In time, banners became inescapable. There were exceptions – the text ads that Google placed beside search results became a blockbuster business – but most sites had no choice but to finance themselves with banners, even long after it became clear that banners were only marginally effective.

Advertisers were forced to make banners in standard sizes and formats because that was what most websites were running; sites chose to run such banners because that was what most advertisers were paying for.

Even entrepreneurs who understood the dangers of banners gave in to them. In its earliest days, The Huffington Post built its own innovative set of tools to run its site, but Jonah Peretti, one of its founders, said it turned over much of its ad infrastructure to third-party companies serving banners.

Eventually he realised banners were hampering how users experienced the site, but it was too late. "When a site loads slowly, you blame the site, but it's actually often the banner ad coming from somewhere else online," Peretti said.

After leaving The Huffington Post, Peretti started BuzzFeed, which eschews banners and has become a model for the possibilities of native ads to finance journalism.

These ads, which The New York Times is also experimenting with, look like ordinary posts on apps and social networks. They are hardly perfect. Many critics have warned that they pose a danger of erasing the distinction between sponsored and unsponsored messages online.

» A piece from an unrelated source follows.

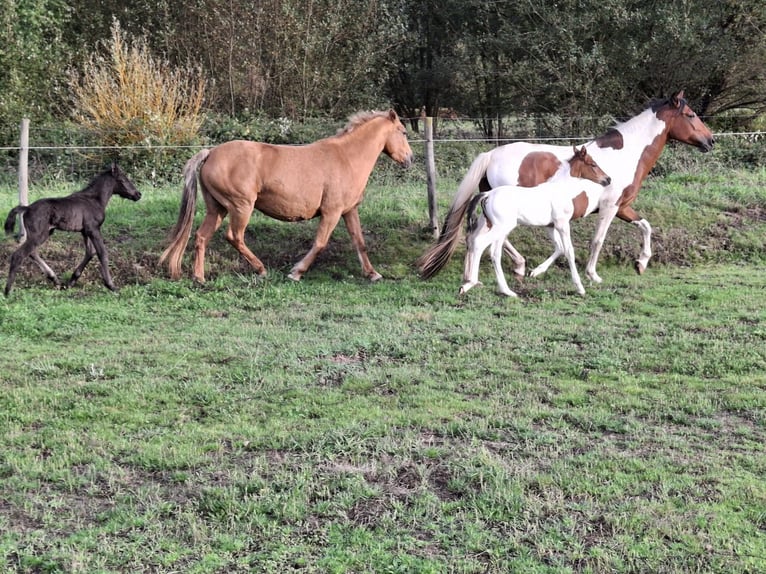 Cruzado Mix Giumenta 14 Anni 158 cm Palomino in Santiago De Compostela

If native ads do become the de facto standard of online advertising, they will be a major improvement over banner ads. Both technologically and aesthetically, they do not sit apart from the content with which they appear.

This makes them far less annoying to users. An ad for Levi’s on Instagram looks just as pretty as a photo from friends. Even better, it does not take ages to load, does not crowd your screen with animations and is not a pain to dismiss.

The same is true of sponsored messages on Facebook, Twitter, Pinterest, Flipboard and other social networks; the ads are just not such a bother.

You can’t blame the web’s decline entirely on the usability nightmare perpetuated by banner ads. But it’s obvious that banners are not helping.